Problem to solve:
Using the material below, repeat exactly the lines from the one with "White House Black" through the one with "Camping Skinny Tumbler", ends included, without any images.

Provided records:
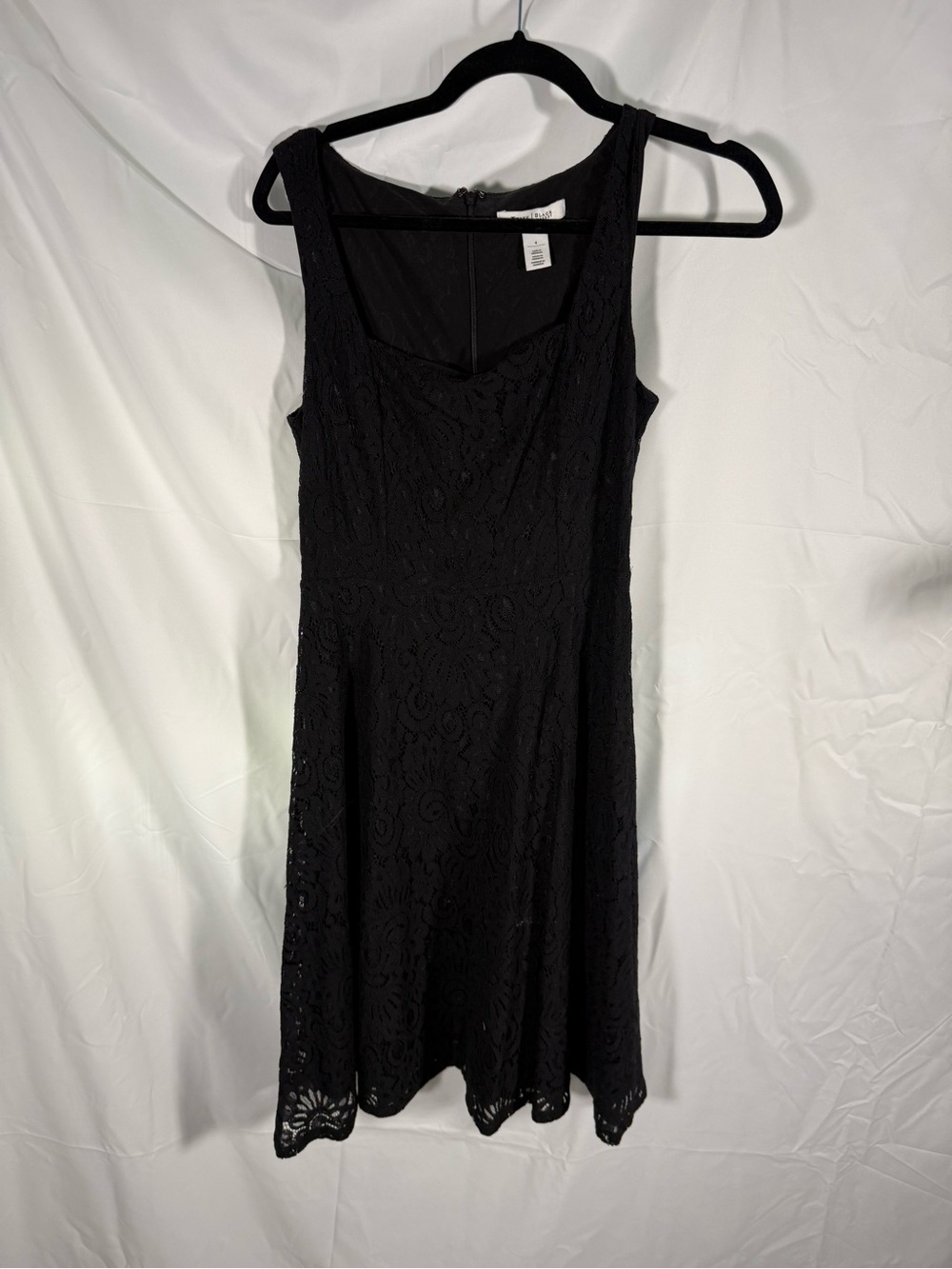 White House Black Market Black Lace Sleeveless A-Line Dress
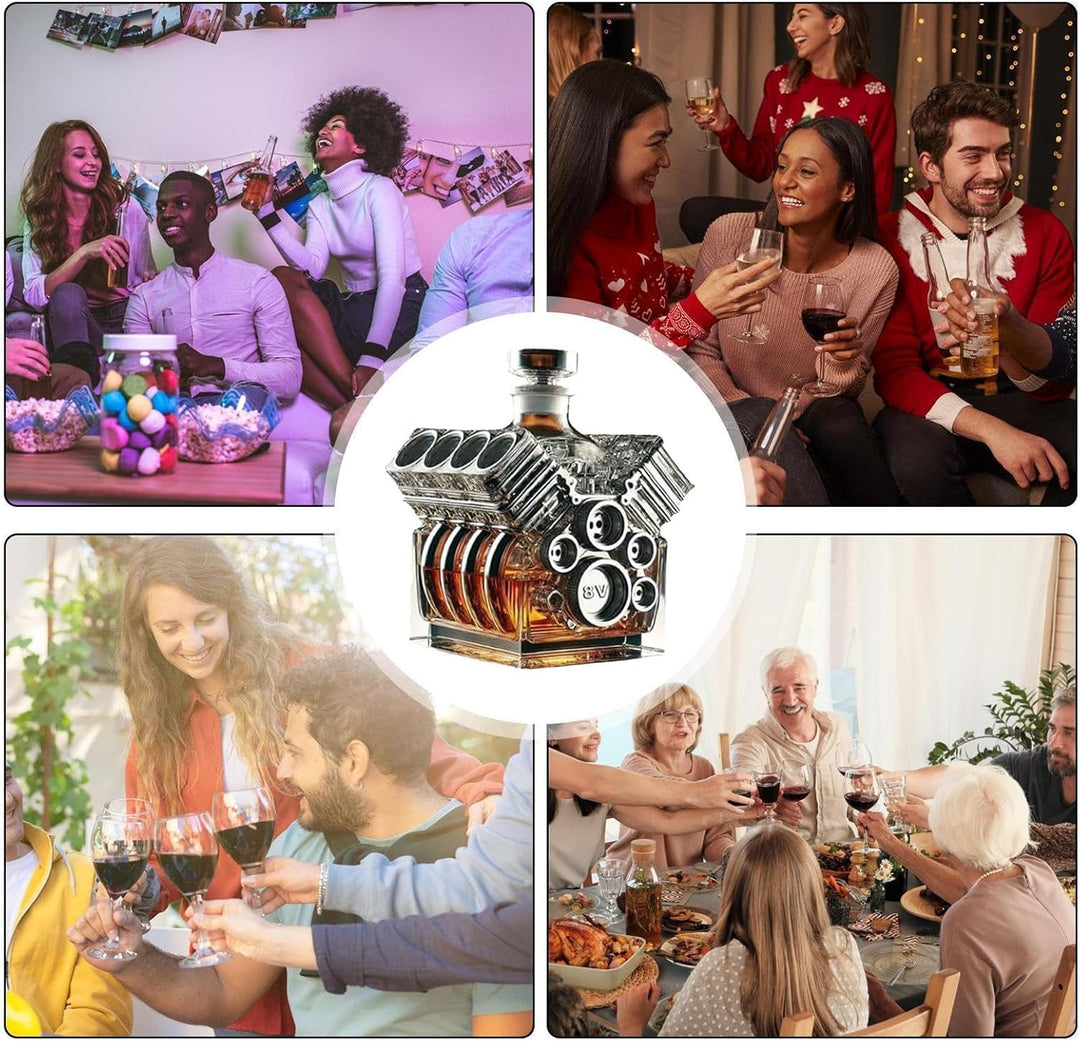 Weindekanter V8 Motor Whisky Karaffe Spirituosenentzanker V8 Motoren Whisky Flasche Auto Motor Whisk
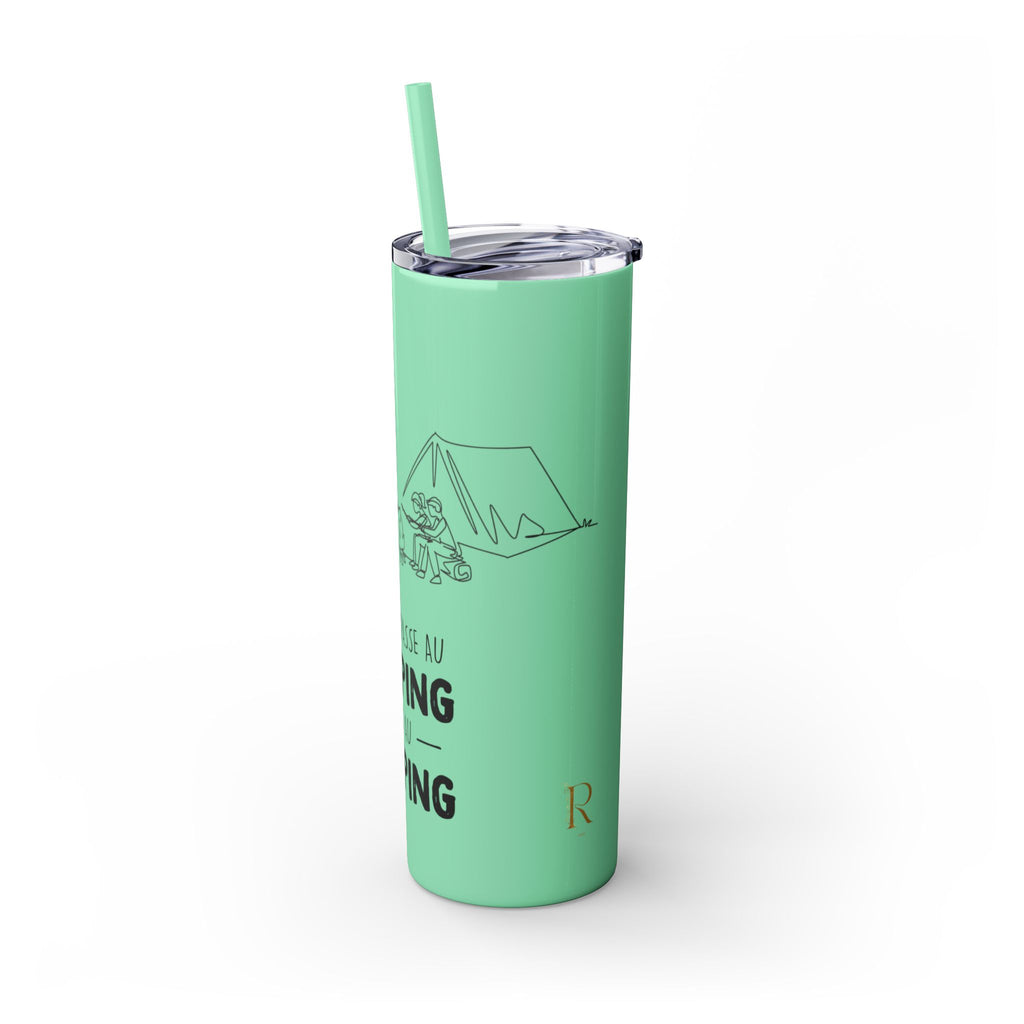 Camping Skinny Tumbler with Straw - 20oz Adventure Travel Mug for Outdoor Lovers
--
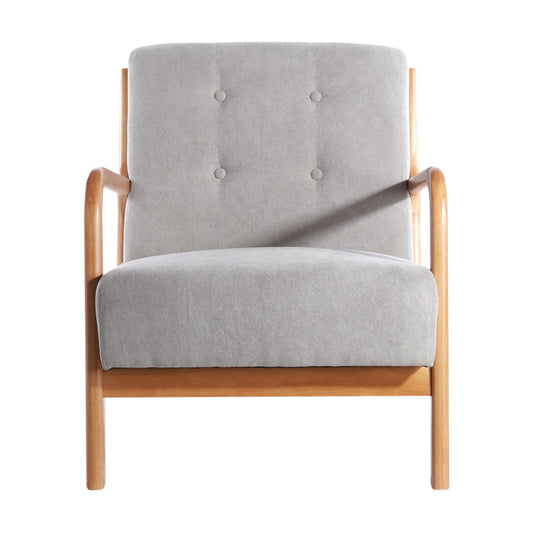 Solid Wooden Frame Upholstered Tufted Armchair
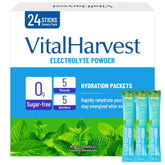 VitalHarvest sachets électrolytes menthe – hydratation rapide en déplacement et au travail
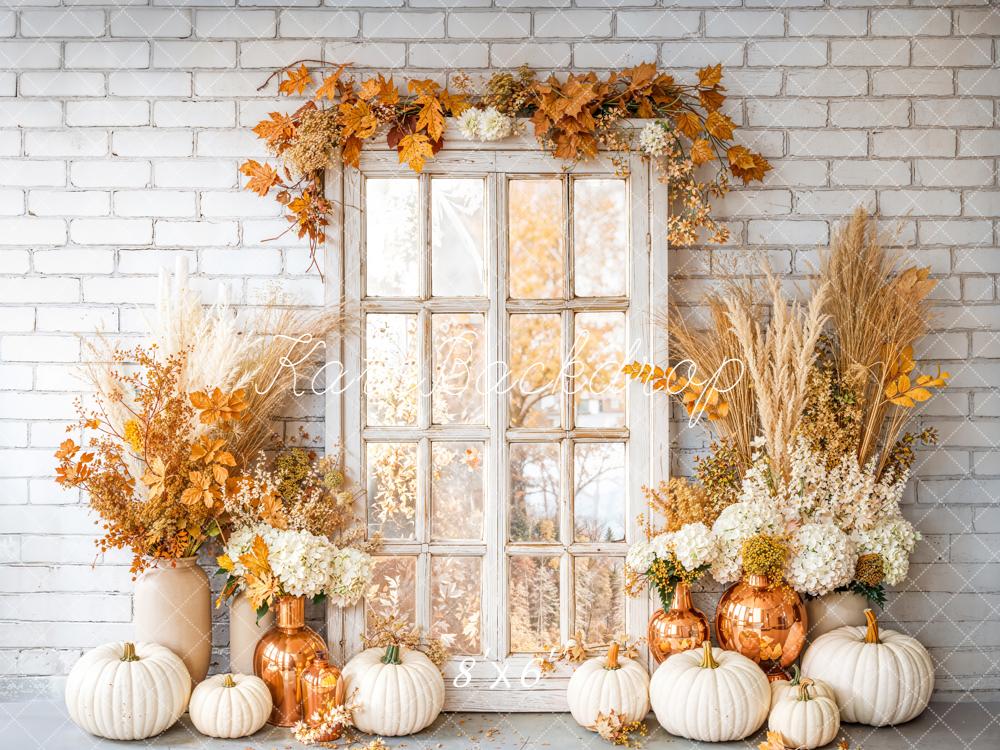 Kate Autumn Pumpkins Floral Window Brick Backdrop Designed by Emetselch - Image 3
==
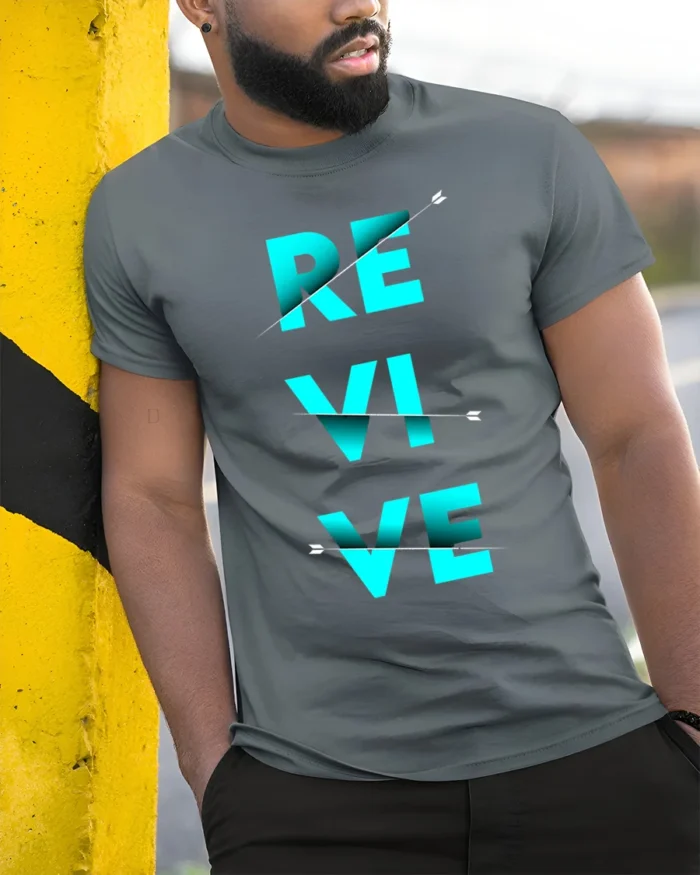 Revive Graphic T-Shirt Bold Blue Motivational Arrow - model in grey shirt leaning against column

Problem solution:
 White House Black Market Black Lace Sleeveless A-Line Dress
 Weindekanter V8 Motor Whisky Karaffe Spirituosenentzanker V8 Motoren Whisky Flasche Auto Motor Whisk
 Camping Skinny Tumbler with Straw - 20oz Adventure Travel Mug for Outdoor Lovers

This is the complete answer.